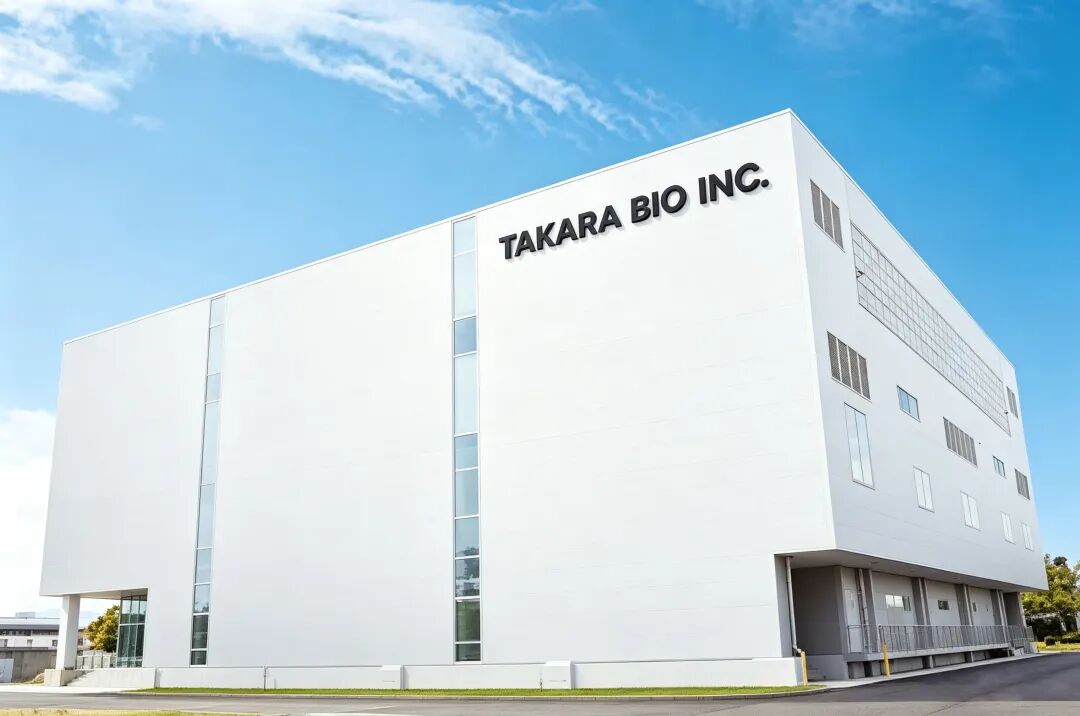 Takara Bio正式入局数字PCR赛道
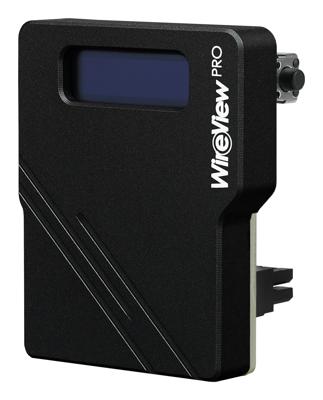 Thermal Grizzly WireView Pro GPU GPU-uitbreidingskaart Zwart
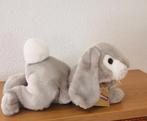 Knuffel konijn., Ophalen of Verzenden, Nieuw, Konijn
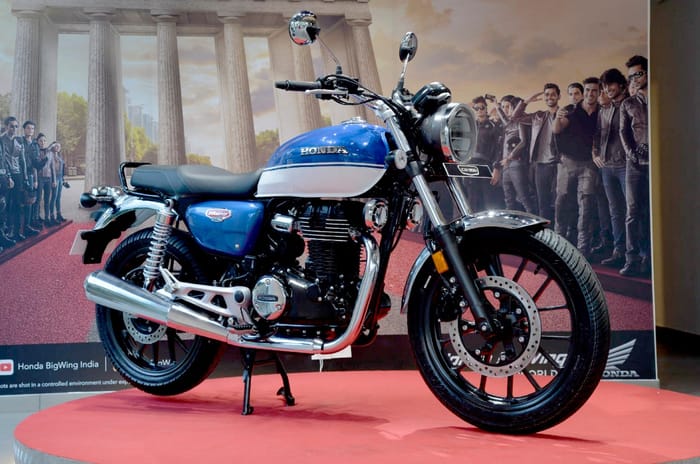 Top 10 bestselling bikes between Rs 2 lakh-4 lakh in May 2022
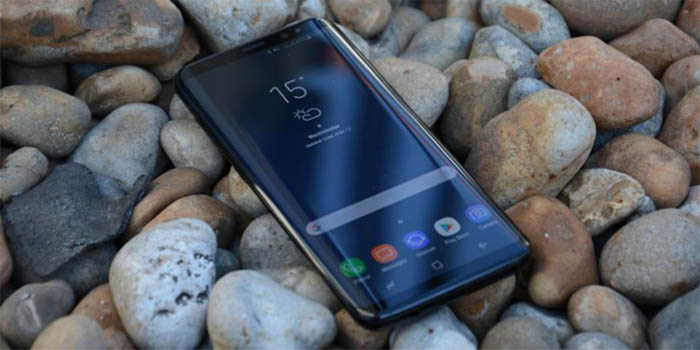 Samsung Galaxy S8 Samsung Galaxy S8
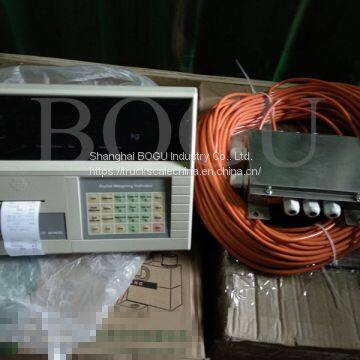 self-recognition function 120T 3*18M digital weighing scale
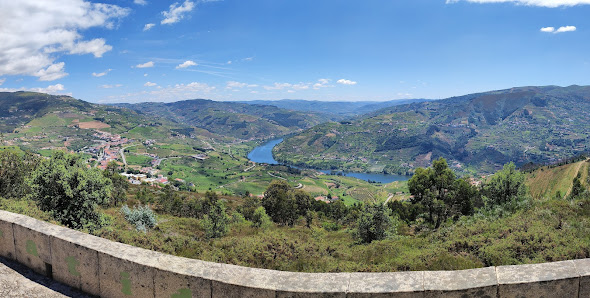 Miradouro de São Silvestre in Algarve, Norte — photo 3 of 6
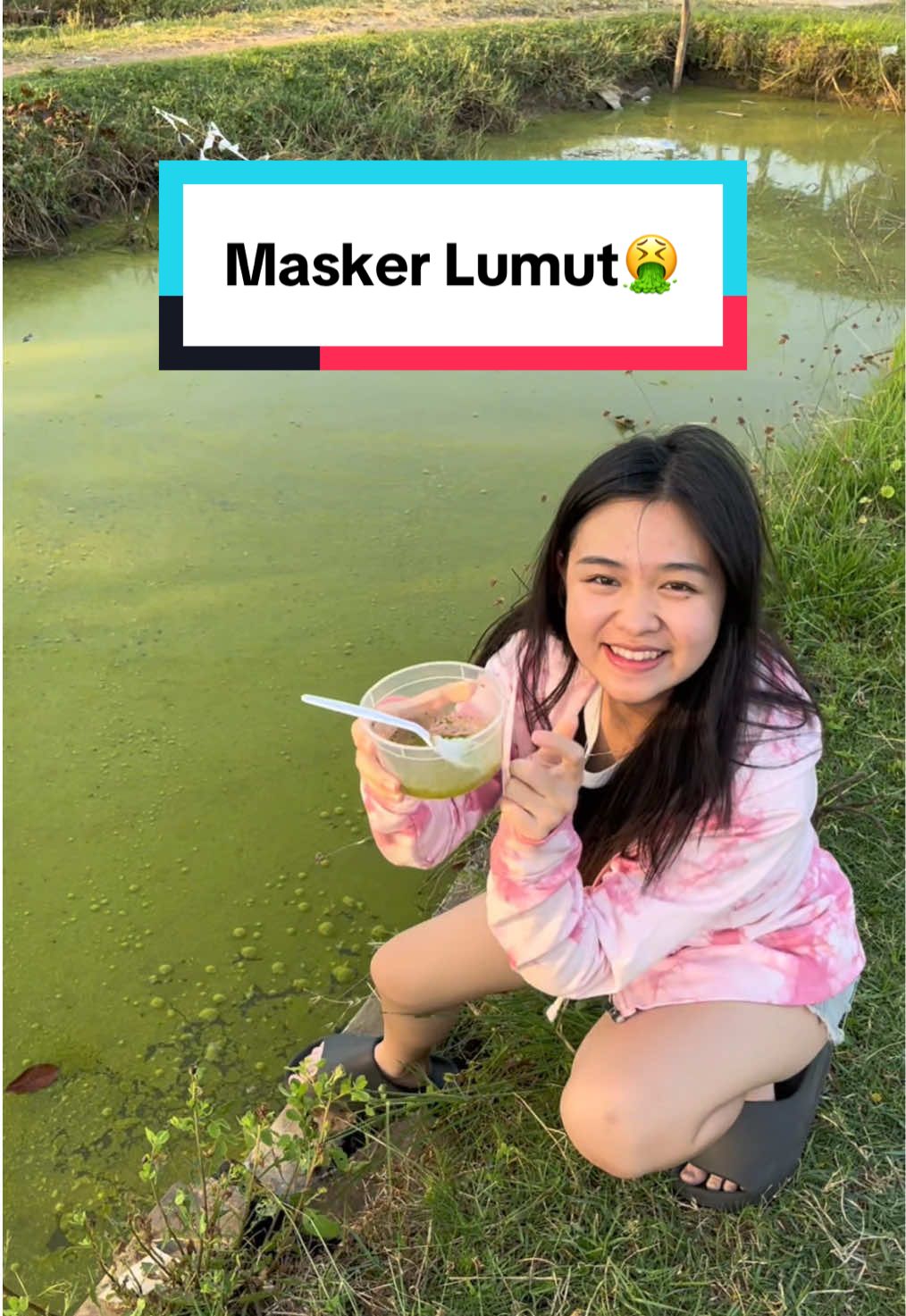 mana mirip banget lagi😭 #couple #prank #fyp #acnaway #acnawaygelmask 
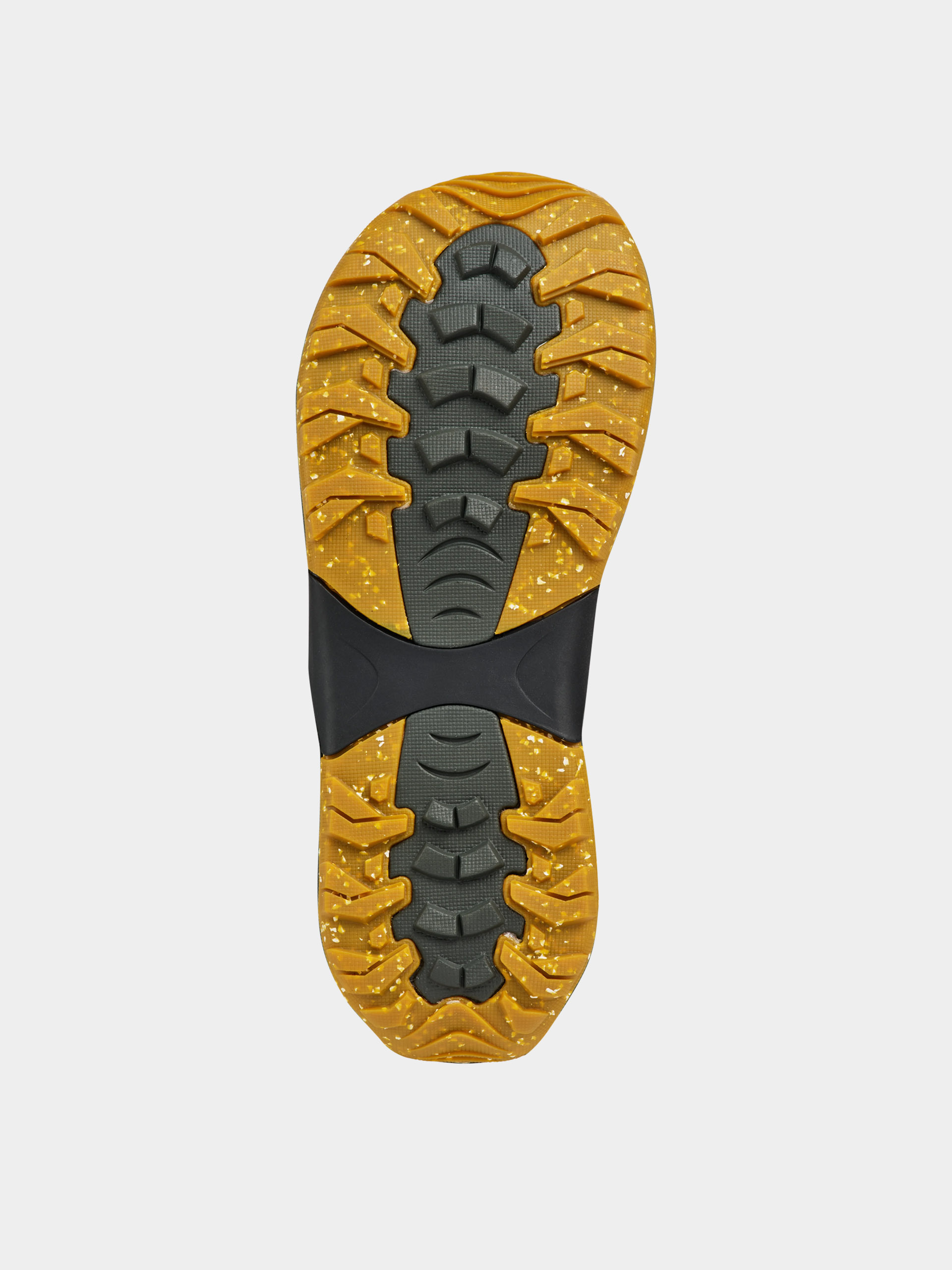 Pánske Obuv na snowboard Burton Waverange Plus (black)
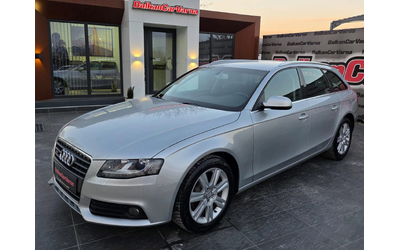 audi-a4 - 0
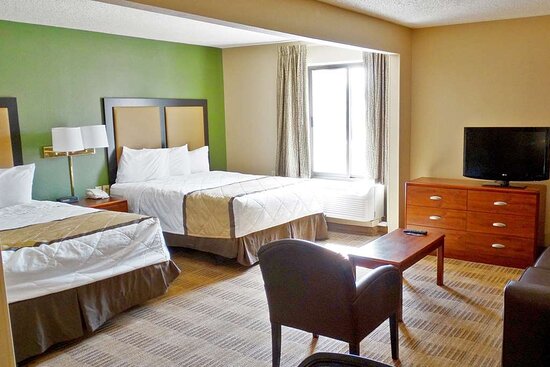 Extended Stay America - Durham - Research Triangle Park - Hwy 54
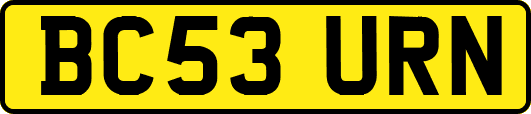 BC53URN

* Exercise aim *
Skip the pictures. Restate exactly the lines from the start of the entries through the line containing "self-recognition function 120T", both ends included.

* Answer box *
 Takara Bio正式入局数字PCR赛道
 Thermal Grizzly WireView Pro GPU GPU-uitbreidingskaart Zwart
 Knuffel konijn., Ophalen of Verzenden, Nieuw, Konijn
 Top 10 bestselling bikes between Rs 2 lakh-4 lakh in May 2022
 Samsung Galaxy S8 Samsung Galaxy S8
 self-recognition function 120T 3*18M digital weighing scale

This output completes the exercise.